The result by Mancinska and Roberson is exciting in many ways: Not only is it a strong theorem in graph theory—it has been achieved by means from quantum group theory and quantum information, revealing a nice interplay between these three fields.

4.4 Quantum Information Theory

Let us elaborate more on the link to quantum information theory.

4.4.1 Graph Isomorphism Game

Consider the nonlocal game, as described in [53, 55]: Given two graphs \(\Gamma _1=(V_1,E_1)\) and \(\Gamma _2=(V_2,E_2)\) with \(|V_1|=|V_2|=N\), a referee passes a vertex \(x_A\in X\) to Alice and a vertex \(x_B\in X\) to Bob; here, \(X:=V_1\sqcup V_2\) is the disjoint union of \(V_1\) and \(V_2\). Alice replies with a vertex \(y_A\in X\) which is not from the same graph as \(x_A\), and likewise Bob replies with \(y_B\in X\) different from the graph where \(y_A\) is from. The players win the game, if

  1. (1)

    the set \(\{x_A,x_B,y_A,y_B\}\) has four elements, two of them being from \(V_1\) (let us call them j and l) and two of them from \(V_2\) (calling them i and k) and we have \(j\sim _1 l\) if and only if \(i\sim _2 k\),

  2. (2)

    or the set \(\{x_A,x_B,y_A,y_B\}\) has two elements, one from \(V_1\) and one from \(V_2\).

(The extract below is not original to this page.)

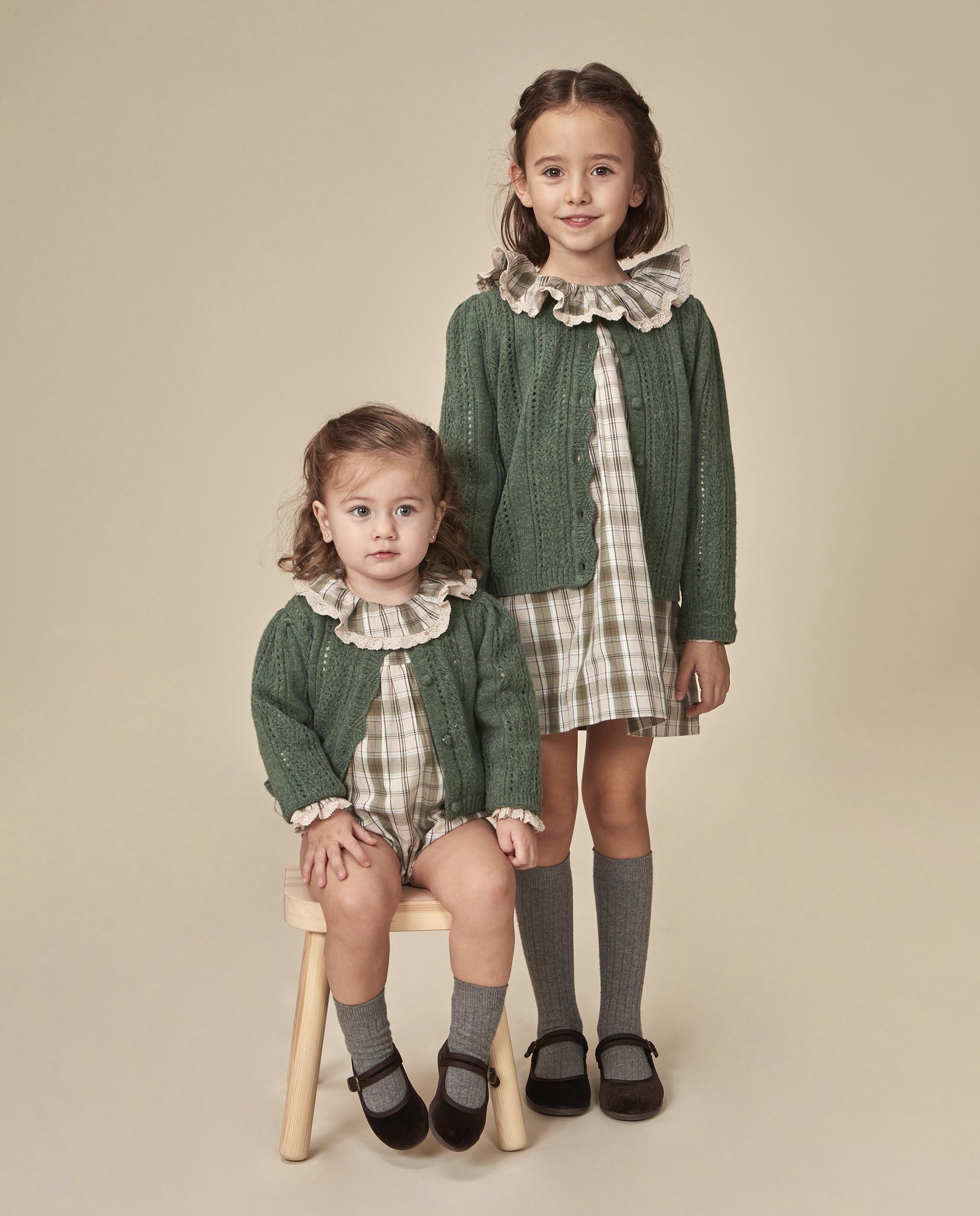 Imagen 3 de Vestido de niña de cuadros escoceses - Gocco - Piedra Piedra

4.4.2 Classical Winning Strategy

There is a perfect strategy (i.e. a strategy with which they may always win regardless of the referee’s input), if and only if \(\Gamma _1\) and \(\Gamma _2\) are isomorphic. Indeed, in that case let \(\varphi :V_1\rightarrow V_2\) be an isomorphism of \(\Gamma _1\) and \(\Gamma _2\) and instruct Alice to reply with \(\varphi (x_A)\in V_2\) in case \(x_A\in V_1\) and with \(\varphi ^{-1}(x_A)\in V_1\) in case \(x_A\in V_2\); likewise for Bob.

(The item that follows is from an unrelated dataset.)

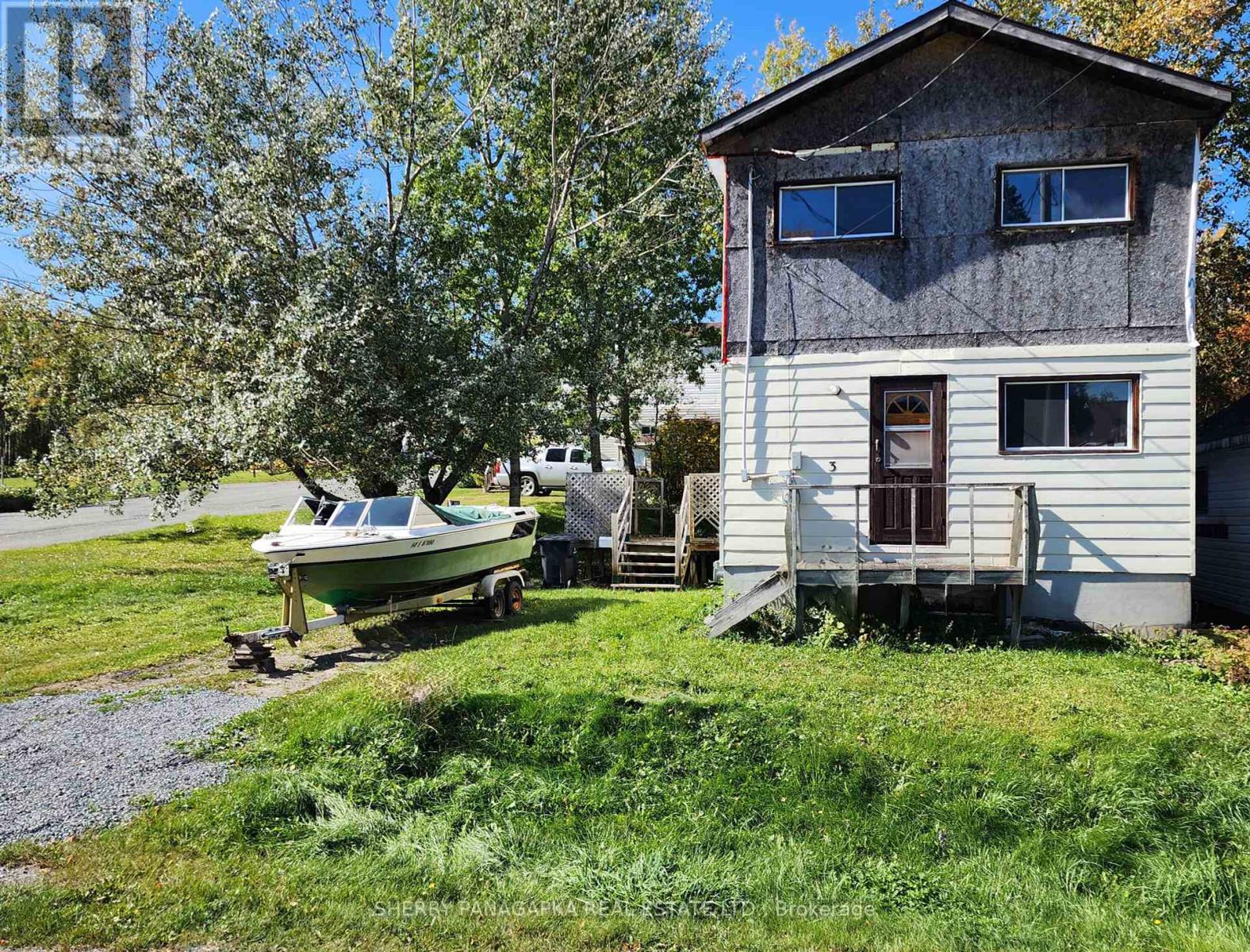 3 Brown Ave, Kirkland Lake, ON P2N 1L1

4.4.3 Quantum Winning Strategy

Now, may Alice and Bob increase their chances to win when applying a quantum strategy? Technically, they are now performing quantum measurements, on a shared entangled state. And the answer is: Yes, they can! If the given graphs \(\Gamma _1\) and \(\Gamma _2\) are non-isomorphic but quantum isomorphic, there is no classical winning strategy, but there is a perfect quantum strategy. The strategy comes from a quantum isomorphism matrix, as in Definition 2.12, of course.

So, the existence of perfect quantum strategies for this game in quantum information theory is linked with quantum permutation matrices (and hence also with quantum groups), and also with quantum isomorphisms of graphs and a quantum version of Lovasz’s Theorem from graph theory. Beautiful, isn’t it? See also [14, 66] for more on such links.

4.5 Free Probability Theory

Let us mention another use of quantum permutation matrices, or rather of the quantum permutation group \(S_N^+\).

4.5.1 Classical de Finetti Theorem

In probability theory, De Finetti’s Theorem may be stated as follows: Given a sequence \((x_n)_{n\in {\mathbb {N}}}\) of real random variables, this sequence is iid (independent, identically distributed) over the tail algebra if and only if it is exchangeable (i.e. its distribution is invariant under the action of the symmetric groups \(S_N\), \(N\in {\mathbb {N}}\) on finite tuples of the sequence).

4.5.2 Free de Finetti Theorem

Now, in free probability theory [57, 63, 77, 78], there is a notion of free independence, a kind of a noncommutative counterpart of classical independence, for noncommuting random variables. And just as \(S_N\) is the distributional symmetry object for classical (conditional) independence, \(S_N^+\) is the distributional symmetry object for (conditional) free independence—Köstler and Speicher’s De Finetti Theorem [51] states: Given a sequence \((x_n)_{n\in {\mathbb {N}}}\) of selfadjoint noncommutative random variables, this sequence is freely independent and identically distributed over the tail algebra if and only if it is quantum exchangeable (i.e. its distribution is invariant under the action of the quantum permutation groups \(S_N^+\), \(N\in {\mathbb {N}}\) on finite tuples of the sequence).

4.5.3 More on de Finetti Theorems and Other Stochastic Aspects

This is another instance of the interplay between various fields of “quantum mathematics”: Just as groups provide the correct symmetries for probability theory, the correct symmetries for free probability are provided by quantum groups. See for instance [19, 16, Sect. 1.1] for more on such de Finetti theorems, or [18] for other stochastic aspects of \(S_N^+\).